DATA TO PROCESS.
=====

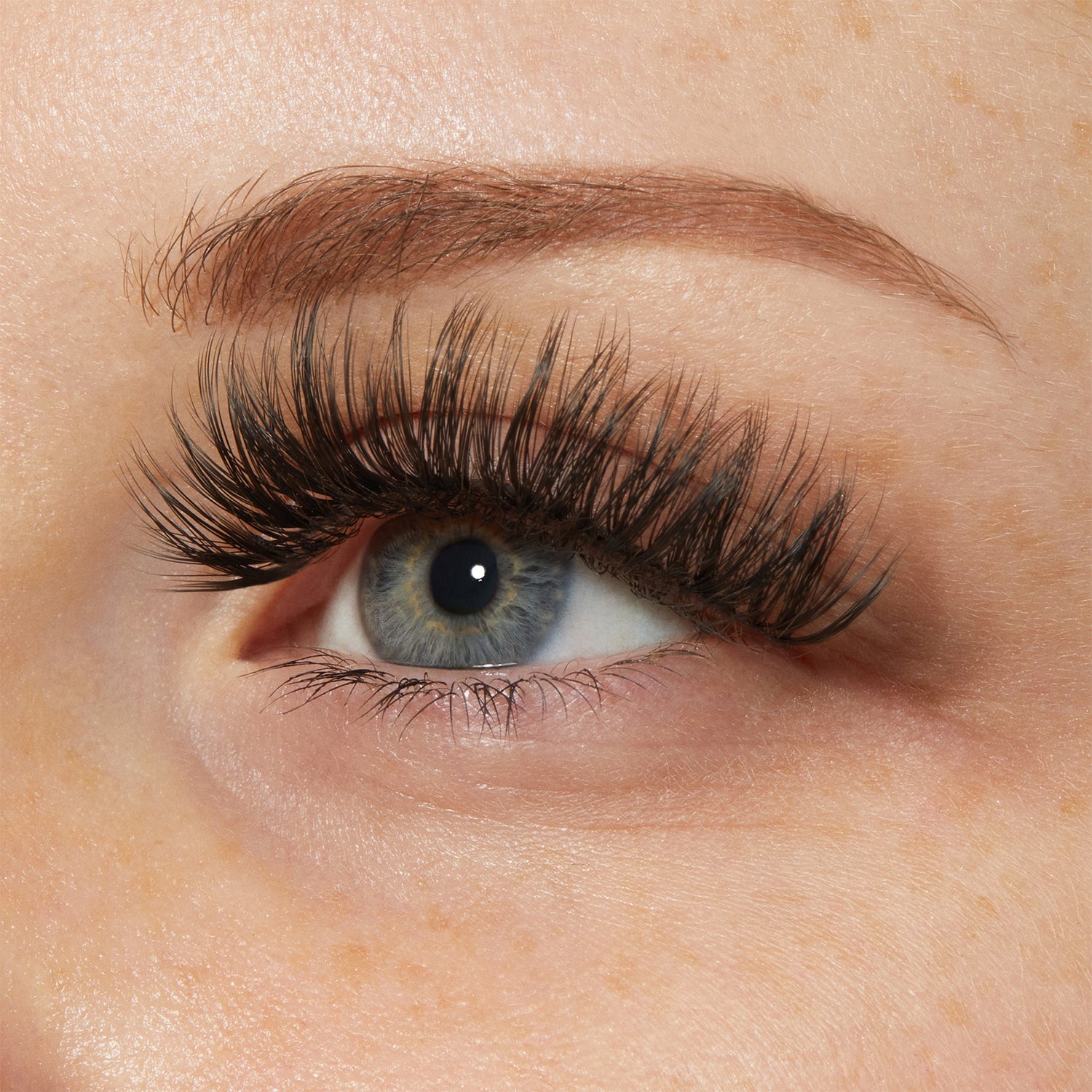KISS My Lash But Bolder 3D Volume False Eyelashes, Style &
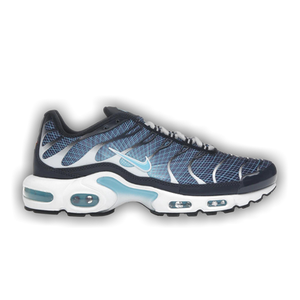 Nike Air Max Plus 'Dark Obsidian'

=====

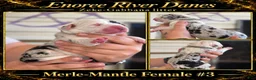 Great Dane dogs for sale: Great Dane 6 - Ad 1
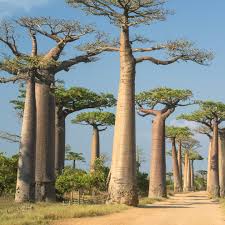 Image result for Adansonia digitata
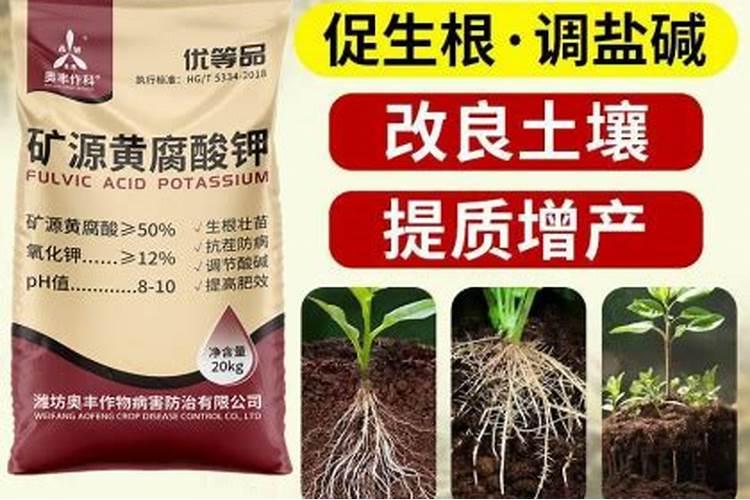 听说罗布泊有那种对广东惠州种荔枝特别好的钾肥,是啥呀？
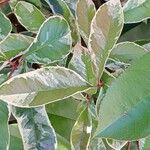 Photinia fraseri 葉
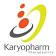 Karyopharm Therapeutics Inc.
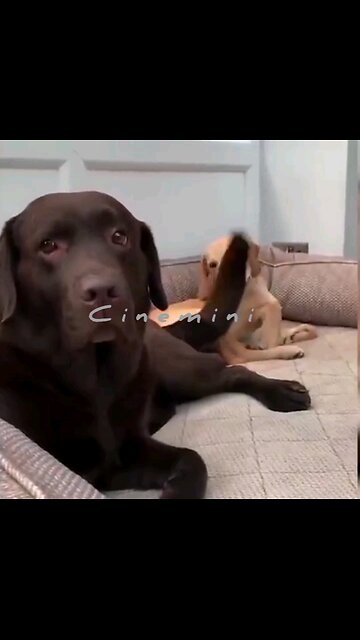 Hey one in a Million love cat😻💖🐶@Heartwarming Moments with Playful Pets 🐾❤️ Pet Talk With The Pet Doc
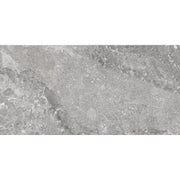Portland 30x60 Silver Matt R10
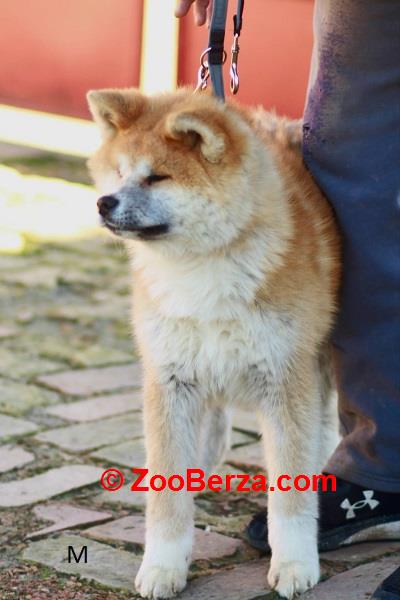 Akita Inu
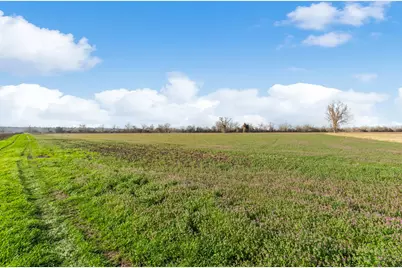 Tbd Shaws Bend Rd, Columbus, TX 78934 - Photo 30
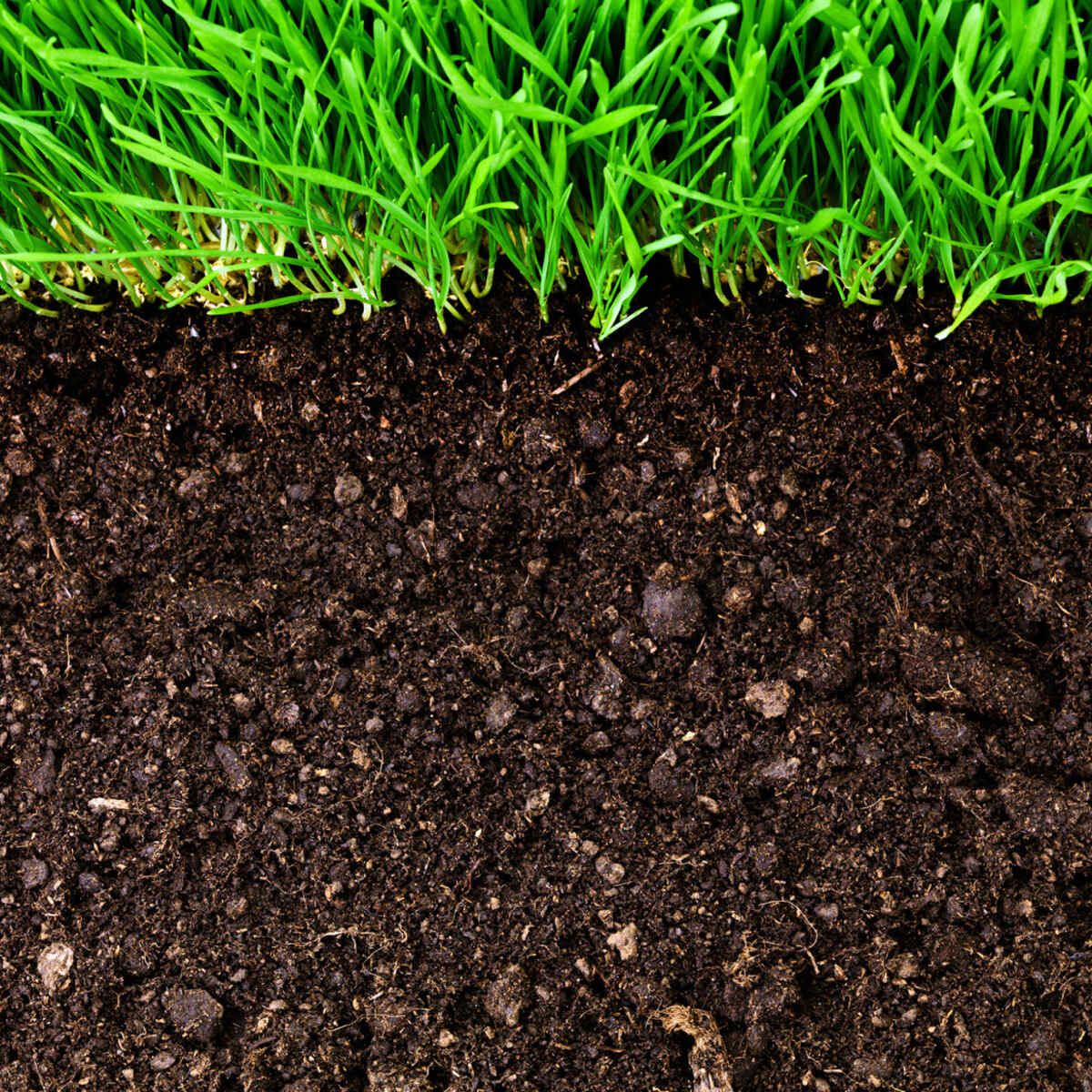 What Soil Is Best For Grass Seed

=====

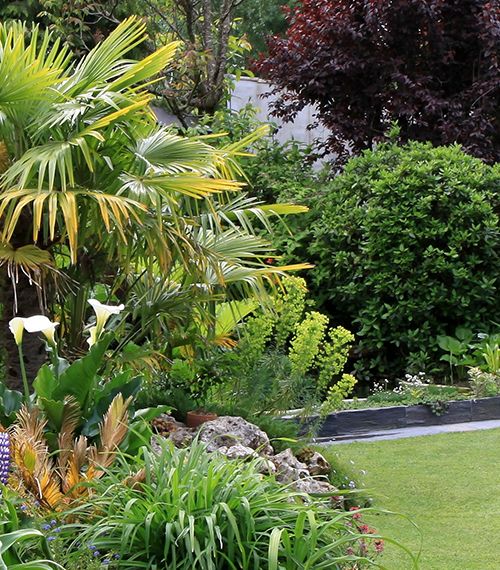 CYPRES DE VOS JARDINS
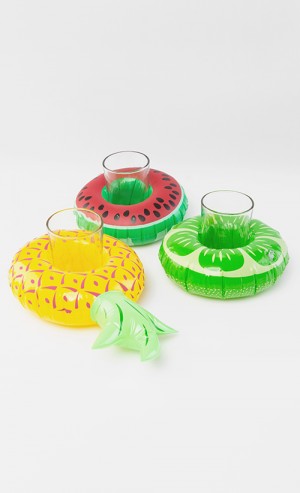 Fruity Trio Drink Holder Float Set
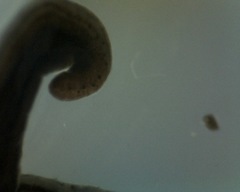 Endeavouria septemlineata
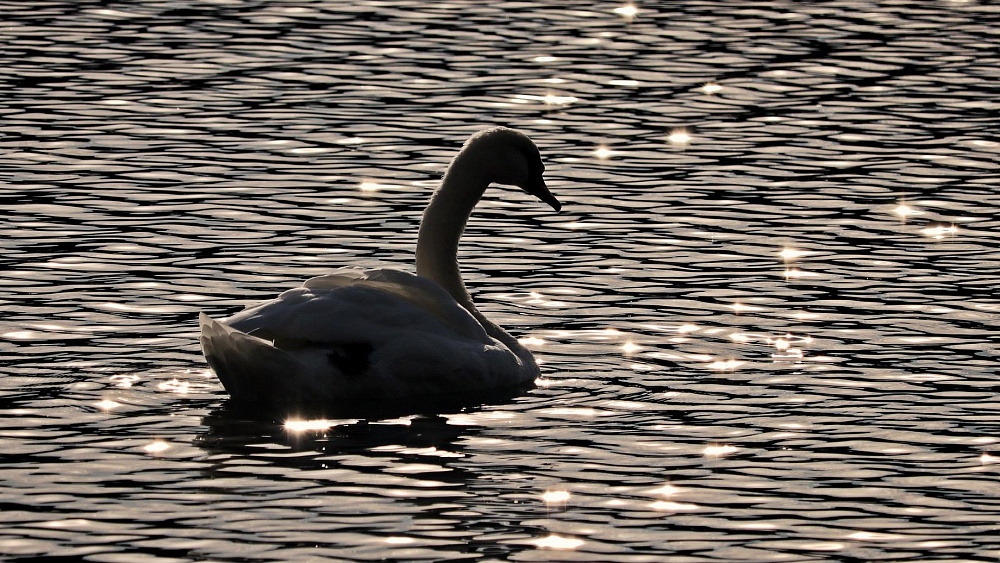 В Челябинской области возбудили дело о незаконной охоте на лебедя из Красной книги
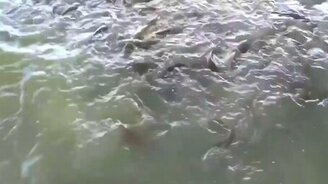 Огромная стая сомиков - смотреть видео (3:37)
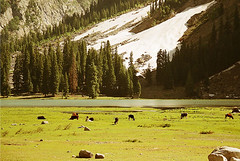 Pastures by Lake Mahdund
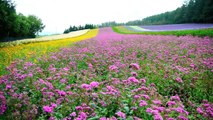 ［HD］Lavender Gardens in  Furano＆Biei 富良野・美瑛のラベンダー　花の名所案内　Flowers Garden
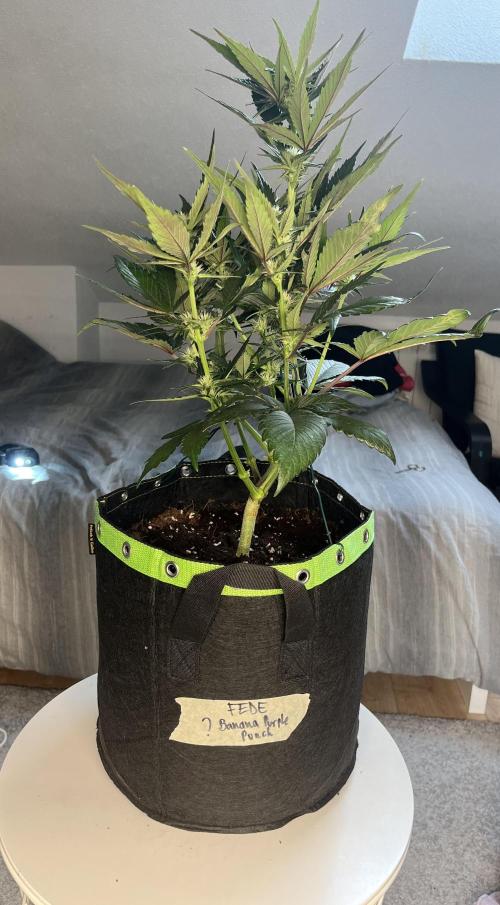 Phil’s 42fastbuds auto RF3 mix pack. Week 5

=====

TASK DETAILS.
Return only the stretch above from the line containing "Karyopharm Therapeutics Inc." through the line containing "What Soil Is Best For Grass Seed", word for word and without pictures.

WORKED SOLUTION.
 Karyopharm Therapeutics Inc.
 Hey one in a Million love cat😻💖🐶@Heartwarming Moments with Playful Pets 🐾❤️ Pet Talk With The Pet Doc
Portland 30x60 Silver Matt R10
 Akita Inu
 Tbd Shaws Bend Rd, Columbus, TX 78934 - Photo 30
 What Soil Is Best For Grass Seed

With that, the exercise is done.